* **Work instruction**: Without skipping anything, write out each record below exactly.

* **Data to use**:
####

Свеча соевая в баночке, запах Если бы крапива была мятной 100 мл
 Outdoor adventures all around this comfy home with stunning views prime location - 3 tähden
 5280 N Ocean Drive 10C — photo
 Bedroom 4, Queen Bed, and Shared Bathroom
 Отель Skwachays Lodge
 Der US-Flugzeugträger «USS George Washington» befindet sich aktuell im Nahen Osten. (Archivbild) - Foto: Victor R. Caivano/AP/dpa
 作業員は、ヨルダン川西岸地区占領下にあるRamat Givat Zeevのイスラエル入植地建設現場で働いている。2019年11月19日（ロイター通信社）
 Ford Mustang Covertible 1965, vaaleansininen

####

* **Response**:
Свеча соевая в баночке, запах Если бы крапива была мятной 100 мл
 Outdoor adventures all around this comfy home with stunning views prime location - 3 tähden
 5280 N Ocean Drive 10C — photo
 Bedroom 4, Queen Bed, and Shared Bathroom
 Отель Skwachays Lodge
 Der US-Flugzeugträger «USS George Washington» befindet sich aktuell im Nahen Osten. (Archivbild) - Foto: Victor R. Caivano/AP/dpa
 作業員は、ヨルダン川西岸地区占領下にあるRamat Givat Zeevのイスラエル入植地建設現場で働いている。2019年11月19日（ロイター通信社）
 Ford Mustang Covertible 1965, vaaleansininen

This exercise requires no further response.